A segunda regra de Max Weber é a da neutralidade axiológica. Entre outros fundamentos, ela implica nunca descartar a hipótese contrária à que defendemos quando construímos conhecimentos sobre a realidade vivida se a hipótese contrária também for plausível. A regra é tanto mais elementar quanto mais tivermos de recorrer a pressupostos especulativos, o que é inevitável quando estão em causa objetos de estudo empíricos dificilmente delimitáveis no tempo e no espaço.

Não é necessário ser especialista numa dada área, como a do ambiente, para aplicar a regra em nome da honestidade.

Vamos admitir ser indiscutível que a terra atravessa um ciclo de aumento inabitual das temperaturas (o aquecimento global). As alterações na duração e características das estações do ano, os avanços do degelo nas zonas polares, a subida do nível médio das águas, a proliferação incomum de fogos florestais, entre outras ocorrências garantem um suporte empírico fidedigno. Vamos também admitir a hipótese de a terra, mesmo que desde sempre tenha vivido em constantes transformações (climáticas, morfológicas, etc.), atravessa um ciclo fora do normal para os seus milhões de anos de existência. Vamos ainda descartar a hipótese de a causa maior dos desequilíbrios ambientais poder ser a explosão demográfica, mesmo que essa decisão seja (muito) discutível. Por último, assumamos que as alterações climáticas, os desequilíbrios ambientais e a poluição são sinónimos, ainda que saibamos que tal não corresponda à realidade.

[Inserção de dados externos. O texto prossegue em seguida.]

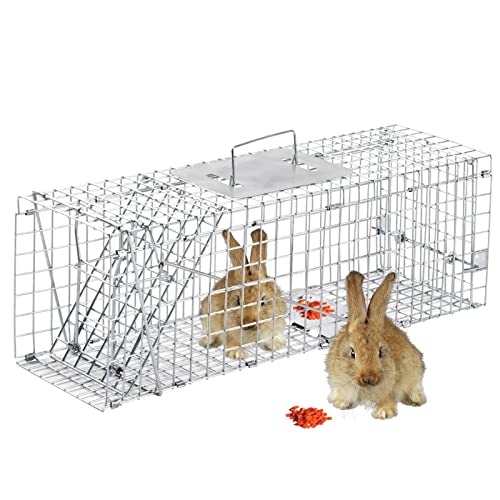 24 Inch Live Animal Trap - Durable Galvanized Steel, Easy Setup, Compact 24x7x8 Inches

Arrumados os pressupostos, concluamos que as ameaças em curso estão espelhadas nas transformações das características da atmosfera, sendo que esta passa a ser o aferidor do impacto das políticas ambientais presentes e futuras orientadas para a correção da ação humana. Esta é por nós considerada poluidora porque comprometida com um estilo de vida que rotulamos de capitalista, e cuja atividade económica associada retratamos como capitalista selvagem.

Assim sendo, resta-nos decretar o estado de emergência climática que, na prática, se traduz no combate ao capitalismo em nome do socialismo progressista, mas com a condição daquele disponibilizar muitos mil milhões de dólares a este. O detalhe é o das certezas terminarem aí sem que existam garantias quanto a resultados aferíveis.

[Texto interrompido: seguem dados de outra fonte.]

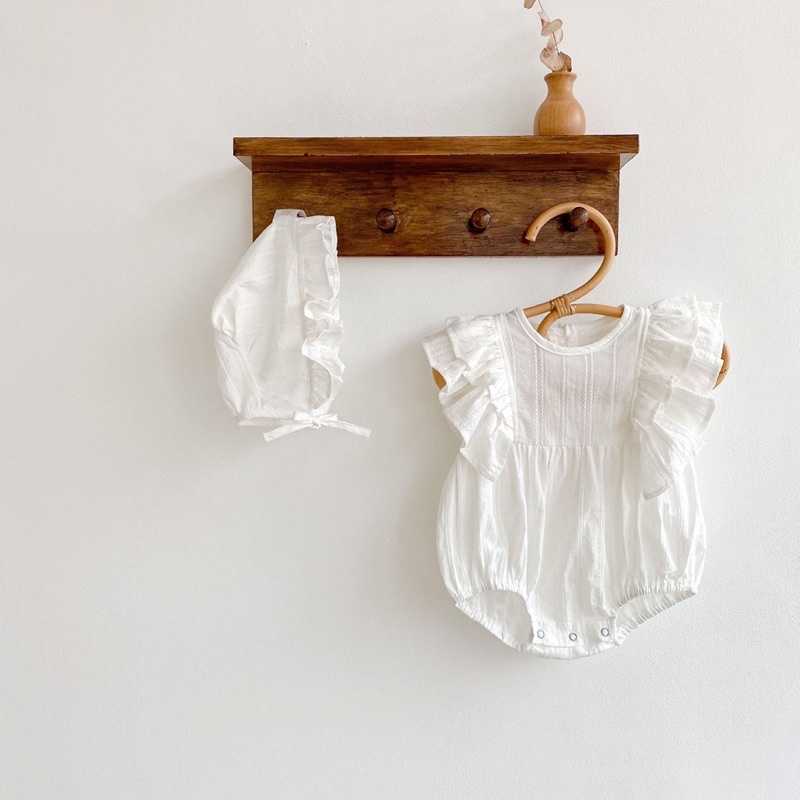 Alina Romper | baju bayi | baju bayi perempuan | baju bayi cewek | baju baby girl | baju bayi unyu |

Pode então entrar em jogo a segunda regra de Max Weber. Aprendi com um professor notável, Franz-Wilhelm Heimer, uma máxima (cito de memória): Você viu as ovelhas? Estavam tosquiadas? E viu-as também do outro lado?

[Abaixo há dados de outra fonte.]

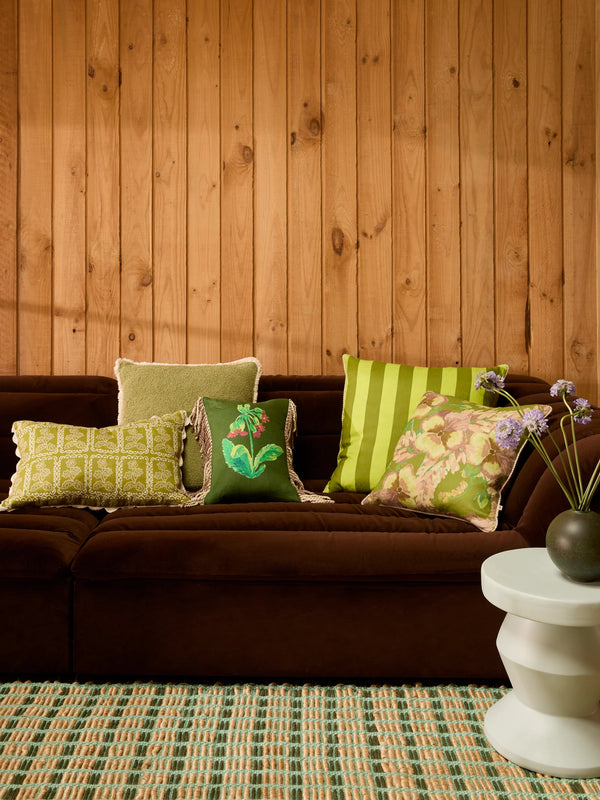 Martine Olive Lumbar Pillow, 16" x 24"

Aplicado ao assunto em apreço, a testagem poderia ser: Você confirmou os dados na atmosfera, mares, rios, através do clima? E viu também o outro lado? Você verificou a atividade geológica do subsolo? Garante que as alterações climáticas, ou o aquecimento global, não têm qualquer relação com a atividade geológica do interior da crosta terrestre (manto superior, manto, núcleo externo e núcleo interno)? Pode garantir que os fenómenos que aí ocorrem não têm influência no subsolo e no solo com impacto no aquecimento da terra? Que processos ou instrumentos foram usados com esse propósito nos últimos séculos? É capaz de garantir que daqui a meio século, um século, dois séculos, o que seja, não entrarão em erupção vulcões em áreas onde hoje podem, por hipótese, estar a manifestar-se sintomas como o degelo ou onde aumentou a propensão para incêndios florestais e para a desertificação? Se, por hipótese, a atividade geológica do subsolo se revelar a variável mais significativa das alterações climáticas em curso, é possível intervir nas causas? Haverá diferenças substanciais em relação a fenómenos equiparáveis do passado?

Poder-se-ia continuar. Ainda que tudo isto seja especulativo, e ainda que a terminologia utilizada possa não ser a mais rigorosa, qualquer cabeça honesta não impõe certezas onde elas não existem, nem talvez algum dia possam existir. As dúvidas incontornáveis não são substituíveis por certezas dogmáticas ficcionadas, tal como se procedia em tempos e sociedades pré-racionais.

Mas é quase só isso que os atuais ambientalistas-progressistas conseguem garantir. Eles sofrem e propagam uma patologia mental que merece a dignidade de um nome, talvez doença da Amazónia. Quem sabe se não tem sido essa falha que tem travado os avanços terapêuticos de modo a evitar uma pandemia mental, se é que ainda vamos a tempo.